▶ **INSTRUCTIONS FOR THE TASK**:
If pictures are present, leave them out, and copy the data word for word.

▶ **GIVEN INFORMATION**:
· · · · · · ·

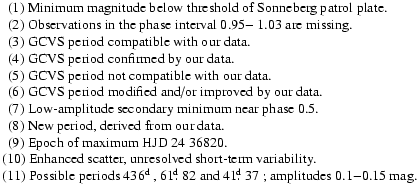$\textstyle \parbox{17cm}{
\hspace*{1.5mm}$(1)$\space Minimum~magnitude below th...
... d}$ }82$\space and~$41\hbox{$.\!\!^{\rm d}$ }37$ ; amplitudes 0.1$-$0.15~mag.}$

· · · · · · ·

▶ **ANSWER TO THE EXERCISE**:
$\textstyle \parbox{17cm}{
\hspace*{1.5mm}$(1)$\space Minimum~magnitude below th...
... d}$ }82$\space and~$41\hbox{$.\!\!^{\rm d}$ }37$ ; amplitudes 0.1$-$0.15~mag.}$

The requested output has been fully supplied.